Sarah Hill

On Giving Underserved Communities a Voice

In 1917, President Woodrow Wilson signed the Jones-Shafroth Act that extended Puerto Ricans citizenship in the United States. The first large wave of immigrants from Puerto Rico arrived soon after but were hardly welcomed with open arms by those in the U.S. In fact, they were treated as second-class citizens. Puerto Rican writers have endured colonialist practices, including the linguistic imposition of English that has established monolingualism as the norm. This has kept them from becoming part of the American literary canon. “El proyecto de la literatura puertorriqueña/The Puerto Rican Literature Project” (PRLP) at the University of Houston aims to preserve the voices of Puerto Rican writers by making nearly 50,000 archival and contemporary primary sources available to the general public.

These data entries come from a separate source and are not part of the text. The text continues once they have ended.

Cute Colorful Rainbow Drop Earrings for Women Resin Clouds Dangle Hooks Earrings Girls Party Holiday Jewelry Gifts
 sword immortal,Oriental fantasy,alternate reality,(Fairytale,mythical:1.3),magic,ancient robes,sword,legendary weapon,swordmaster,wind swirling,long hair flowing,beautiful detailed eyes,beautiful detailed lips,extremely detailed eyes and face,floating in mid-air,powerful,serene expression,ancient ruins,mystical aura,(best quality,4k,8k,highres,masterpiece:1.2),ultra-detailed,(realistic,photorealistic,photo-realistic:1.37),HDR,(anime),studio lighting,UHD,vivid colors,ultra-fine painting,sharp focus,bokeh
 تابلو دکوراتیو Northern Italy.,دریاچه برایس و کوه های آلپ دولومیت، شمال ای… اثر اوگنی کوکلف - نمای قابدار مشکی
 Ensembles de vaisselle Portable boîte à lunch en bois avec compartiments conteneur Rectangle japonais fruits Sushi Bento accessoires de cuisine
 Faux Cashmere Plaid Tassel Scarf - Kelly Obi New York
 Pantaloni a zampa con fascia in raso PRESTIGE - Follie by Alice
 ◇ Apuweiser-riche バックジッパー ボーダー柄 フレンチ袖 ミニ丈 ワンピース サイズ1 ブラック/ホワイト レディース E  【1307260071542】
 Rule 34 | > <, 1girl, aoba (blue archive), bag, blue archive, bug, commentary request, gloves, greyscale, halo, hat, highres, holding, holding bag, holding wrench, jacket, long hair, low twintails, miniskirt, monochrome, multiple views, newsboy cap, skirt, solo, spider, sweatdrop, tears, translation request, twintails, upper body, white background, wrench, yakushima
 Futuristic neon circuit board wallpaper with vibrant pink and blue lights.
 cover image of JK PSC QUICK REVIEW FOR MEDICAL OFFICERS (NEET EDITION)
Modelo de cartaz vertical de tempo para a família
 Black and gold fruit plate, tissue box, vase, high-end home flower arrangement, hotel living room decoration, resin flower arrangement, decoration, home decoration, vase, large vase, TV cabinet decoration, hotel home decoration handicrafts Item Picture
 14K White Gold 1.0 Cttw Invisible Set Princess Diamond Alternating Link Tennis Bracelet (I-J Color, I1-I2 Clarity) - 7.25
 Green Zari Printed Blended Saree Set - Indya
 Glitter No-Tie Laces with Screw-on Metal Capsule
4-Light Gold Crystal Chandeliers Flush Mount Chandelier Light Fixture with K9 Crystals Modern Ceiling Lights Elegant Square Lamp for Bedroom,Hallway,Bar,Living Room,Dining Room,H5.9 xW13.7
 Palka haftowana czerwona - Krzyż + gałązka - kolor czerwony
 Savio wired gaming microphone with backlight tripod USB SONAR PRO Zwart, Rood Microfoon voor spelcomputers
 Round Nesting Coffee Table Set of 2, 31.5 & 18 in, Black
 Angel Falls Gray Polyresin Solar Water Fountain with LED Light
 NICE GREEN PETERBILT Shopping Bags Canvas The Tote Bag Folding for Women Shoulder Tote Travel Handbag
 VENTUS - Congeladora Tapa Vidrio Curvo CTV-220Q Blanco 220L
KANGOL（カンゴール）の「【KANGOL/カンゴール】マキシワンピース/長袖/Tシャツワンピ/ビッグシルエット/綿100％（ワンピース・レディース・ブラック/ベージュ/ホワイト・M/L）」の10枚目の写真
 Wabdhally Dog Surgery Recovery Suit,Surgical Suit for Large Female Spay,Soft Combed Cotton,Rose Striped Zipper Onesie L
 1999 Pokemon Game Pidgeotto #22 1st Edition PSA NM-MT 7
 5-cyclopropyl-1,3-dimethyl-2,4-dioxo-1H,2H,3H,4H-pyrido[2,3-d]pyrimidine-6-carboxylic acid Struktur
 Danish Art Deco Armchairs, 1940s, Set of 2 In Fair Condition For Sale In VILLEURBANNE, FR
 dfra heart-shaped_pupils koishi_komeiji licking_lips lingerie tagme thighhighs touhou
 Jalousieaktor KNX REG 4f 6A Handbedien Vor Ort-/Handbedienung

This under emphasized demographic has a rich history of prolific works. The executive editor of Arte Público Press (APP) and co-founder of the U.S. Latino Digital Humanities program at UH, Gabriela Baeza Ventura, Ph.D., will lead the project in collaboration with a Colectivo (Collective) of prominent scholars, writers and translators from Puerto Rico and the U.S. diaspora. Baeza Ventura said; “The archival mission is anchored in a deep sensitivity to Puerto Rican linguistic richness, which stands in contrast to the violence of monolingualism that reflects forced histories of migration within the archipelago and abroad.”

Once English was imposed as the national language of Puerto Rico, there was little to no space left for writers working in their native Spanish. “While this project is bilingual, the first entrance into the portal will be in Spanish so as to document the importance of the language that Puerto Rican and Latinx writers use to express themselves,” said Baeza Ventura. The 1940s and 1970s saw the majority of the influx of Puerto Rican citizens to America. With a $1.35 million grant from the Andrew W. Mellon Foundation, this Colectivo is beginning to unearth treasures in a way not seen before. “In Puerto Rico, in 2021, there is no centralized space (physical or digital) specifically for Puerto Rican literature that spans the archipelago and diaspora. This has made the unification of Puerto Rican literary studies difficult, splitting the field between archipelago and diaspora,” said Baeza Ventura.

Each entry in the digital database will be comprehensive and will include things such as the biography of the writer, access to poems in original Spanish and a translation in English, links to other places the poems can be accessed, lesson plans for teaching about these important contributors and even interviews and performances. The Colectivo is already interviewing authors and recording them reading their original work.

And as far as who can access the database?

“The archive itself will be open-access and have a digital life. The team will follow a post-custodial model where physical archives will remain in the institutions and archives that originally housed them,” said Baeza Ventura. She went on to clarify this delicate situation: “This is not a project that seeks to replace those archives or transfer them outside Puerto Rico or the diasporic institutions where they live. Archival preservation efforts are crucial and digitization efforts are designed to broaden access, not replace preservation work.”